Sunday, November 30, 2008

This Is How It Ends

Another Sunday Scribblings exercise. This week's theme: A Winter's Tale. This one could use a little more work -- always the case! -- but I'm off to work on a real-life tale of winter: crackling fire and homemade chili, warming me and the house against a cold November evening.


So this is how it ends, Jase thought.

He grimaced into the darkness, grinning and winking and flexing his face to try to keep it numb. His hands had gone dead hours ago, after he’d dipped them in the racing sea and let them freeze as they gripped the wooden tiller. Hooks of ice, they were now, frozen to the tiller. But at least he could steer the boat up and down the mountainous waves.

So this is how it ends, he thought again. He heard spray rattling on his back and neck, but felt nothing.

Nineteen days out of Sander Ryk, the schooner had struck a berg. Odd for it to be this far south, but it was never mind that and all hands on deck, even the children, to staunch the killing flow of seawater. The berg had opened the ship like a knife prying open the white flesh of an apple, and forty-nine men, women, and children, had gone down when it plunged beneath the iron-grey waves.

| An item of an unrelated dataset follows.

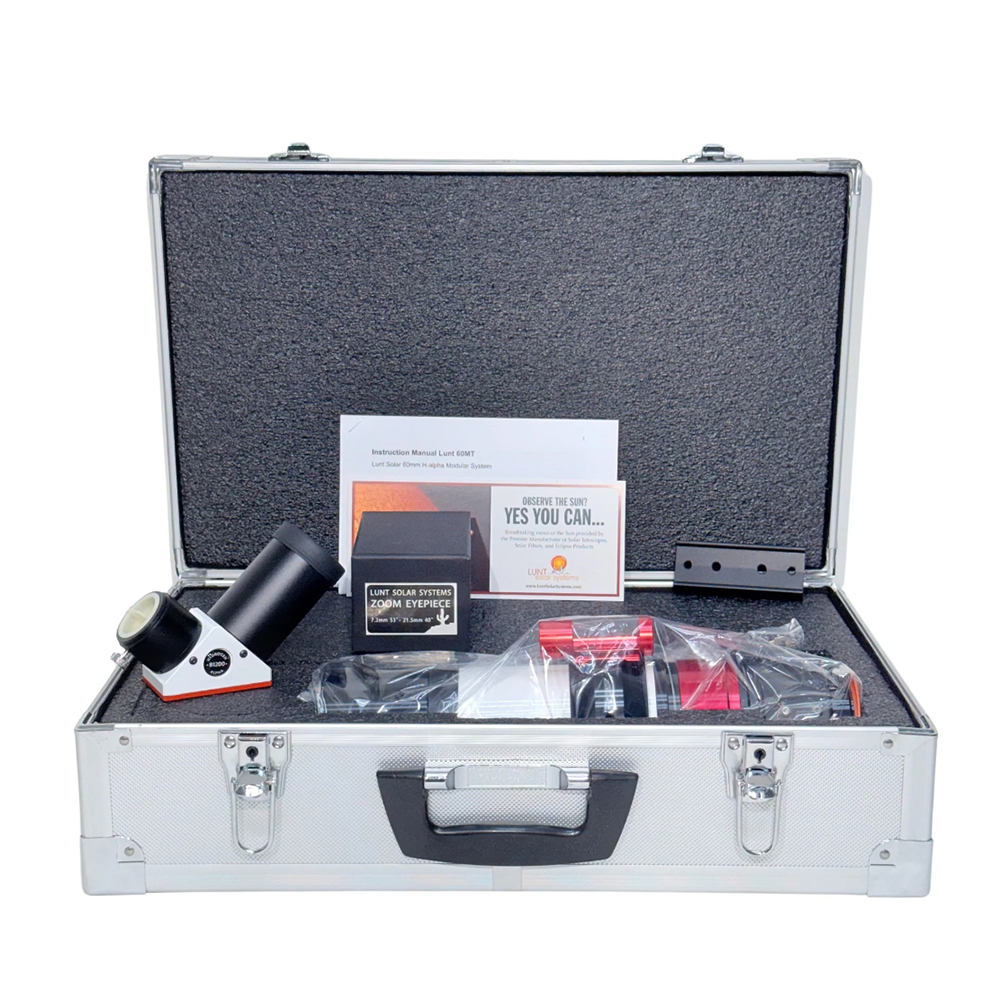 The Lunt 50 mm Telescope and accessories in the included hard case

He was lucky, or unlucky: he’d found the only boat, the little tender they used to unload fish in the harbor, and had thrown the only children he could find on deck aboard, stepping into the unsteady little sloop as the big schooner went under.

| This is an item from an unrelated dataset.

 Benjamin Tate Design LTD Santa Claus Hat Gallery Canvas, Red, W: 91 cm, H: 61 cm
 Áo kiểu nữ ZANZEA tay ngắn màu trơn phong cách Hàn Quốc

He’d shouted something at the children, got them under some oilskins and out of the way. Got the sail up, smeared the salt and ice off his face. And got underway in the screaming black storm.

He caught the sour smell of vomit, and looked forward. The younger one, a girl, was staring at her cupped hands.

“Hold it close! Don’t spill it!” She bent her head to say something to the other child, and he was about to tell her the foul mess would keep her warm, when he saw a paleness in the black swirling night.

He rubbed his face into his shoulder and looked again: Yes. Land shone out there somewhere.

A wave caught them sideways and the boat lurched and corkscrewed, sliding sideways and he was laughing, laughing, because he had been wrong, the land was so much closer than he’d thought, they were upon it, they would not drown at sea, God help them they were upon it, and he cried through the wind to hold on, and they were swept under the thunderous icy sea.


A snow-muffled seashore. Flakes melting into the water. The murmur of surf against seaweedy cliffs. A sand-floored cave. Spark of light; smell of woodsmoke; crackle of fire. Steaming wet wool. Two children and a club-handed man huddle toward the fire.

This is not how it ends, Jase thought. Not yet, anyhow.

4 comments:

Tumblewords: said...

Nice work! Chilling ~ but hope crops right at the end.

*~sis~* said...

great story!! :)

Doe said...

nice images there i especially liked how the berg had opened the ship like a knife...very titanic!!
well-done ;)

S R Wood said...

Thanks, everyone. A hundred years ago a stranded cod fisherman named Howard Blackburn actually did deliberately freeze his hands around his oars so he could continue to row even when he couldn't make his muscles grip the oars. That's always fascinated me!